▸ Input material
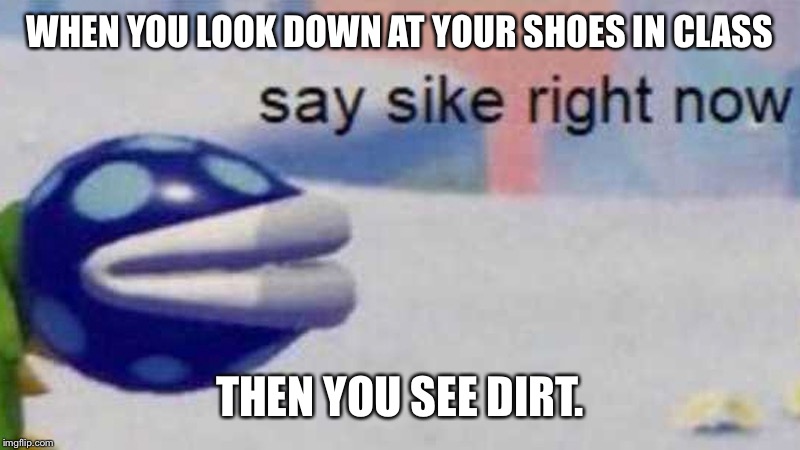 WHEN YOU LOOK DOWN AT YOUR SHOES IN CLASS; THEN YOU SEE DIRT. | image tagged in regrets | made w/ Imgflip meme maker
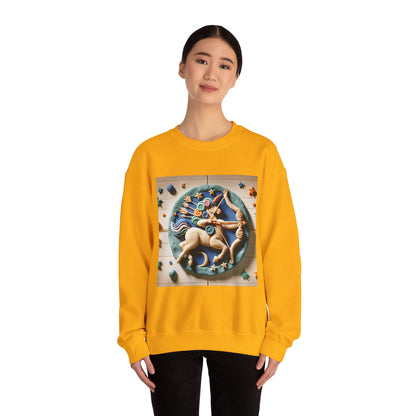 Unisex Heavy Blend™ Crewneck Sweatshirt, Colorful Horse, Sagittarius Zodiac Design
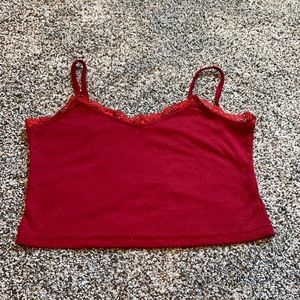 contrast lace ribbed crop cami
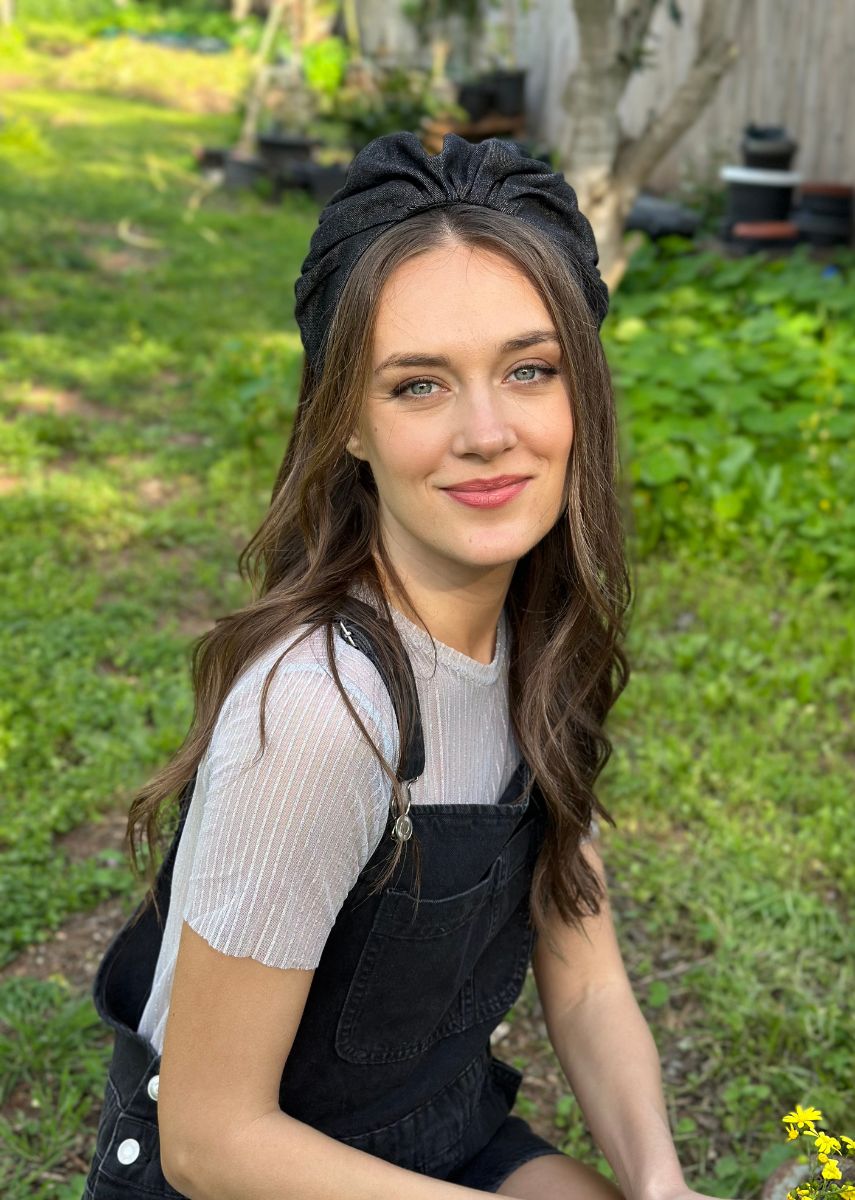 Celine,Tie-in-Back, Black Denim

==

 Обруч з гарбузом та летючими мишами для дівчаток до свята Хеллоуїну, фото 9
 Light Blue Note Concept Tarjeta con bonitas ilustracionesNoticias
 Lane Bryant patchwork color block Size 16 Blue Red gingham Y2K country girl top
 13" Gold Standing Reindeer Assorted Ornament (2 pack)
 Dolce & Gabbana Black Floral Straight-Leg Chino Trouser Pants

▸ Task brief
Among the records above, locate the line containing "WHEN YOU LOOK" and the line containing "Celine,Tie-in-Back, Black Denim", then transcribe exactly the lines starting at the first and ending at the second, with no pictures.

▸ Final answer
 WHEN YOU LOOK DOWN AT YOUR SHOES IN CLASS; THEN YOU SEE DIRT. | image tagged in regrets | made w/ Imgflip meme maker
 Unisex Heavy Blend™ Crewneck Sweatshirt, Colorful Horse, Sagittarius Zodiac Design
 contrast lace ribbed crop cami
 Celine,Tie-in-Back, Black Denim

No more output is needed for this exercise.